Жизнь тут, в общем, идиллическая, не считая бессмысленных убийств, истязаний и равнодушия всех ко всем. Травка зеленеет, солнышко блестит, овечки блеют. Христа распинают. И художник вместе с небом останавливают время, чтобы это нам показать. Чтобы увидеть картину Брейгеля, даже не надо стараться: польский режиссер Лех Маевски использует 3D-технологию, чтобы перенести живопись на экран в каждом измерении. Чтобы увидеть что-то, кроме самой картины, — это уже второй вопрос.

«Довлатов» (2018)

В 1971 году, в атмосфере всесоюзных заморозков, наступивших после оттепели 60-х, Сергей Довлатов делит время между журнальными статьями о передовиках производства, рюмочными, женщинами и попыткой напечатать художественные произведения хоть где-нибудь. Напечатать не получится, Бродский, который уверен, что вот мы сейчас спасем русскую литературу, это давно понял. Да и Довлатов понял. Самая страшная ситуация, вбивающая тебя по самую макушку в ощущение нереальной реальности, бреда и бесплодья: всё понял, сделать ничего не можешь.

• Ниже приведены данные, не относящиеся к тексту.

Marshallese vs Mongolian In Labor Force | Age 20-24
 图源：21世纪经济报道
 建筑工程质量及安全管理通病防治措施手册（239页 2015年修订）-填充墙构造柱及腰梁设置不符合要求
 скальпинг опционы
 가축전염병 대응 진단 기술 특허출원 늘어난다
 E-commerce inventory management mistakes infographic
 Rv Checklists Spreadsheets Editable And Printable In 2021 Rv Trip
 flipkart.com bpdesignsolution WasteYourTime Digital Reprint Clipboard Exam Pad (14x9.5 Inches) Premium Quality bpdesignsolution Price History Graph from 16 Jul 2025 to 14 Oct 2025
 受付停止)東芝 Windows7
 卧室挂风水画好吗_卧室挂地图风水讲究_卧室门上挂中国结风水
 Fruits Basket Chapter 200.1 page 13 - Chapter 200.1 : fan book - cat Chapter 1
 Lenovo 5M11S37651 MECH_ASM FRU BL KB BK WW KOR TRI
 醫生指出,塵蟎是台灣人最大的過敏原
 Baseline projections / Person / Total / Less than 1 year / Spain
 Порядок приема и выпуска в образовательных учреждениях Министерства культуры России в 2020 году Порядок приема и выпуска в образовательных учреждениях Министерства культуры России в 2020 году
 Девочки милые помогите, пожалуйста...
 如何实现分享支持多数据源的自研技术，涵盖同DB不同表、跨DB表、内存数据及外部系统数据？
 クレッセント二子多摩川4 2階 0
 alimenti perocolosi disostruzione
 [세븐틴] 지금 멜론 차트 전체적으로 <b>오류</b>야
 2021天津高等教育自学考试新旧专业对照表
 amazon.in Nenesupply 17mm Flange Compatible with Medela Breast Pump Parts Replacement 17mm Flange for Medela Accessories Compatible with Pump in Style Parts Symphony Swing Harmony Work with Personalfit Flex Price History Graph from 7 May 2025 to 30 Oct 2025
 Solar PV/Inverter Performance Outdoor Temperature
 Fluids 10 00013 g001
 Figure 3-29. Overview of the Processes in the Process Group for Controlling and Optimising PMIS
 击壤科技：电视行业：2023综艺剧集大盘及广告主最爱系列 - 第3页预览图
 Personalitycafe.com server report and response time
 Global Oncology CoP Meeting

Нереальная реальность — извечное проклятье советского автора, который не хочет писать о передовиках производства.

Разве Булгаков, разговаривающий по телефону со Сталиным, — это реальность? А Бродский, которого судят за тунеядство? А Мандельштам, которого сажают за антисоветскую деятельность в стихах?

Это даже кафкианством не назовешь, у нас свой прозаический сюрреализм, созданный впервые в мире, по мнению Бродского, вовсе не Кафкой, а Андреем Платоновым с его медведем-молотобойцем и мертворожденной стройкой в «Котловане».

Наверное, от него всё и повелось, от медведя-молотобойца и глобального строительства на одной шестой части суши большого тупика, о который разбивали лбы — иногда насмерть — спасители русской литературы. Довлатову еще повезло. Государство свои любящие объятия сжимало не так крепко, давало поводы усмехнуться в бумагу не так редко. А если накатить сто граммов, и сразу к пишущей машинке, и сверх этого ничего от жизни не хотеть — так вообще нормально.